Tuesday, May 20, 2014

We will look at a few more examples of this regular expression search.We looked at how match called matchhere and matchhere in turn was recursive or called matchstar. We will now look at say grep functionality.
grep is implemented this way. We read strings from a file a buffersize at a time, null terminate the buffer.We run match over this buffer, increment the match count, print it and continue.
In other words, grep is a continuous search of the match over the entire file a buffer at a time.
Now if we want the matchstar to implement the leftmost longest search for
Suppose we were to implement the ^ and the $ sign implementation as well.
In this case, we will have to watch out for the following cases:
^ - match at the beginning
$ - match at the end
if both ^ and $ then match the string with the literal such that the beginning and the end is the same.

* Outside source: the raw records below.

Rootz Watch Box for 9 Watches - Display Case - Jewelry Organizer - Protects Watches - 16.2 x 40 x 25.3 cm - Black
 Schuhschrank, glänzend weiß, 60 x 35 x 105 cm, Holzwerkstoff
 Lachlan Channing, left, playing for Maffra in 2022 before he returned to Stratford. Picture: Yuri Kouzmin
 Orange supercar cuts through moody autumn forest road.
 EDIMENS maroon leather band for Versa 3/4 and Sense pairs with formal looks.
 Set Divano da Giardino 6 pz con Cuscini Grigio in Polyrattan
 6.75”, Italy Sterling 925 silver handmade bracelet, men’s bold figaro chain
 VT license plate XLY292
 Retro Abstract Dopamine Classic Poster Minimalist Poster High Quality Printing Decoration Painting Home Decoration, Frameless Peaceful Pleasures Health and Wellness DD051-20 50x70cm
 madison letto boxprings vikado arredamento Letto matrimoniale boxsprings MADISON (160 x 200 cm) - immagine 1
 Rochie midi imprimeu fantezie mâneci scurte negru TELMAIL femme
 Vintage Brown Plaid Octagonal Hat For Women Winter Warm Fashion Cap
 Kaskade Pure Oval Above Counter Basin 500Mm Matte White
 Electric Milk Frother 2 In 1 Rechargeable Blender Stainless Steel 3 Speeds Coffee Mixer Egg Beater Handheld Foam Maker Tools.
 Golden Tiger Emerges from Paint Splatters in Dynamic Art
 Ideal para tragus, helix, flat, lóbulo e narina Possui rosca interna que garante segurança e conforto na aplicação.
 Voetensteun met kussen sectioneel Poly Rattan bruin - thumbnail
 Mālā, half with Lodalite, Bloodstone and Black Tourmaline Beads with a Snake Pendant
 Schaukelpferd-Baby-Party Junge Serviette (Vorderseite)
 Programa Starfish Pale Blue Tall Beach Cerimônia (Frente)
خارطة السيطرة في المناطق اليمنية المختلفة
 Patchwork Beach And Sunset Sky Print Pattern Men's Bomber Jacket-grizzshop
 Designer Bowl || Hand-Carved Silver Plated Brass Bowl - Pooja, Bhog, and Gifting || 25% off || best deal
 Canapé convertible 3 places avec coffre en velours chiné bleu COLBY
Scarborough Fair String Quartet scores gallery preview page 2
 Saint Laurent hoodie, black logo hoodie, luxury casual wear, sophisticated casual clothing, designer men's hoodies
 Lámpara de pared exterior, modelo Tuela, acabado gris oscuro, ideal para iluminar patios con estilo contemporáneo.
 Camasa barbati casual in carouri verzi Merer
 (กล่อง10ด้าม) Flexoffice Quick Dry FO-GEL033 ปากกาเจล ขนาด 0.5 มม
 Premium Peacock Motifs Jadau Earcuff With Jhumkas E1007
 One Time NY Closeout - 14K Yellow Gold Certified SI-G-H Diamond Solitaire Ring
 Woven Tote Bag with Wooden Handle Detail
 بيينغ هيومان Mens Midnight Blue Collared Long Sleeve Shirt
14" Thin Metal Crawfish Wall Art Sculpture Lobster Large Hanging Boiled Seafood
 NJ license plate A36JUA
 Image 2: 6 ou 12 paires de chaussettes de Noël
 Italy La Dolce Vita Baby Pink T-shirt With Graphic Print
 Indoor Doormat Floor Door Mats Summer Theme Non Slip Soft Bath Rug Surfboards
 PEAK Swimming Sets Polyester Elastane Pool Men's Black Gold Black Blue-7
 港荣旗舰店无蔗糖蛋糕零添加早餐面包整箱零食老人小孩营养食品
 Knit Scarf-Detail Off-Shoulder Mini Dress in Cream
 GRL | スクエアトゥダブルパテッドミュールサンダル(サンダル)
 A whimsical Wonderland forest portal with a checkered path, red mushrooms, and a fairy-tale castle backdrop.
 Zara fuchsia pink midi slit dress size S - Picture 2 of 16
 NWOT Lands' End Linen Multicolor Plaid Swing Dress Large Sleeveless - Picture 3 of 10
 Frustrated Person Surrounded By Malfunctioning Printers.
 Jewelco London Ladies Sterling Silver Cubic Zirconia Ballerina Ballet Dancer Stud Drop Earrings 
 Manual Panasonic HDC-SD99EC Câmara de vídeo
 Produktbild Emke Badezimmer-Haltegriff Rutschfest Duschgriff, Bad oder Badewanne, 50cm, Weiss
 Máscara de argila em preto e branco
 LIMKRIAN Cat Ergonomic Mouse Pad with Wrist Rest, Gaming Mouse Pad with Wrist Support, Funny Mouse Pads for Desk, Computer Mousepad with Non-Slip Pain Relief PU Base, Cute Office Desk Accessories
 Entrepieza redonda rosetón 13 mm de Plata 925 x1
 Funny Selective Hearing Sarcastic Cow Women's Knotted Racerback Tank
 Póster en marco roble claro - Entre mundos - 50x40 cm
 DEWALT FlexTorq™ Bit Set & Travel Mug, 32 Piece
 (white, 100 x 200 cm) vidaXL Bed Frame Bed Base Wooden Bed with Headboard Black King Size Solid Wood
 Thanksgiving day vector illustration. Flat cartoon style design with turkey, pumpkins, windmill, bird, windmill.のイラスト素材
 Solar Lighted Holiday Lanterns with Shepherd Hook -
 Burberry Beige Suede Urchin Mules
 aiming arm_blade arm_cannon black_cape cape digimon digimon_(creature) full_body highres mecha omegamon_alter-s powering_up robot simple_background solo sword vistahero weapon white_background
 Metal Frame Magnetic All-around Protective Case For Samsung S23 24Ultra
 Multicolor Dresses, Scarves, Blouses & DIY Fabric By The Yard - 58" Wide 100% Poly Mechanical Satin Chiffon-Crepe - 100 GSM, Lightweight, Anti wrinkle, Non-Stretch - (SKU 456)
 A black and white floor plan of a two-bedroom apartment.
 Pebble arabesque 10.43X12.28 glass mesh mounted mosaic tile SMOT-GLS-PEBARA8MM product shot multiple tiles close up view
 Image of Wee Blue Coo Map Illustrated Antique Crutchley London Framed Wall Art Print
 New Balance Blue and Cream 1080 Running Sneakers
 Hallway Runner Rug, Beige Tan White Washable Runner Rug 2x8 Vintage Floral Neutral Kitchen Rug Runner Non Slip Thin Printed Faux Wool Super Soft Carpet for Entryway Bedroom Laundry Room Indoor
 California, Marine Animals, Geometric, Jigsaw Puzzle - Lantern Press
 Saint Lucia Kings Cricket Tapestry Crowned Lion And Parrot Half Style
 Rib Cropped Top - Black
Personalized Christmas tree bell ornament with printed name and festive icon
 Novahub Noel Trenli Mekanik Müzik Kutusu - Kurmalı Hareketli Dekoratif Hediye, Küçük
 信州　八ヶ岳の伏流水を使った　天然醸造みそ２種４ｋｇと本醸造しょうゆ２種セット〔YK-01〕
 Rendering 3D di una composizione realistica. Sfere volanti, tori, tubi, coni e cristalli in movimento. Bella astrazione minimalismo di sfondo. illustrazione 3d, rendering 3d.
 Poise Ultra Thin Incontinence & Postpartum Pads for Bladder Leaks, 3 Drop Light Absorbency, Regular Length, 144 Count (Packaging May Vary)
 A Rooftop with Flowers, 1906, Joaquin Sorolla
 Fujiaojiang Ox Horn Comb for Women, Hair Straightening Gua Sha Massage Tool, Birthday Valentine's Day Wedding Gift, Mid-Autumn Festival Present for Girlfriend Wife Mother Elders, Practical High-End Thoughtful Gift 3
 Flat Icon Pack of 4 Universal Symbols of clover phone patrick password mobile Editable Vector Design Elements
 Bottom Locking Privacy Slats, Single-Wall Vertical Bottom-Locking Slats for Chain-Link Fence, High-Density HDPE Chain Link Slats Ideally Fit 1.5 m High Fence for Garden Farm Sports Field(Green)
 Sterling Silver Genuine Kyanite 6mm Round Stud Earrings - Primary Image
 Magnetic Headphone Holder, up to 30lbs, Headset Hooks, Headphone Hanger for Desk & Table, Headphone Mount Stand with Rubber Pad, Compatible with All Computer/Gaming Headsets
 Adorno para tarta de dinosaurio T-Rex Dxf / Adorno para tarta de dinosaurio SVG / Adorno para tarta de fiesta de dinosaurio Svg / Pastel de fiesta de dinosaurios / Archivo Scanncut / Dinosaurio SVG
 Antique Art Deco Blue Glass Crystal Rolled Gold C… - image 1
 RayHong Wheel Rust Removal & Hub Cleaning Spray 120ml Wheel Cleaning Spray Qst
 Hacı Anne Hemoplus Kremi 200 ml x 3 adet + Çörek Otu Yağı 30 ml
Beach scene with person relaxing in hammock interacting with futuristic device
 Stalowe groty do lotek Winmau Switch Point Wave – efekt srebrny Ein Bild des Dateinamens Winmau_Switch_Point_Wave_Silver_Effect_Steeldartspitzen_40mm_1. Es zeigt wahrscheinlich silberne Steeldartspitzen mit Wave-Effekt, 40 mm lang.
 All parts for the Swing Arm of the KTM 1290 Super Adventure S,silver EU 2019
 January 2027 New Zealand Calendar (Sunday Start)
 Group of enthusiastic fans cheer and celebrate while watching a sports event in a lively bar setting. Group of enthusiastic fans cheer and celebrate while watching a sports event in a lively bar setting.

if both ^ and $ are specified and there is no literal, then match even empty strings.
literals before ^ and after $ are not permitted.
Let us now look at a way to use regex for validating a phone number. Note that phone numbers can come in different forms some with brackets, others with or without hyphens and some missing the country code etc.
Given a ten digit US phone number, where the 3 digit area code can be optional, the regex would look something like this:
^(\(\d{3}\))|^\d{3}[-]?)?\d{3}[-]?\d{4}$
Here the first character in the regex or the caret after the vertical bar denotes the start of a sentence with the phone number
The first ( denotes a group but the \( denotes the literal in an optional area code
\d matches a digit which will have the number of occurrences as specified in the { } braces
The | bar indicates that either the area code with paranthesis or without may be present.
Then there are characters to close the ones specified above
? makes the group optional while $ matches the end of a line.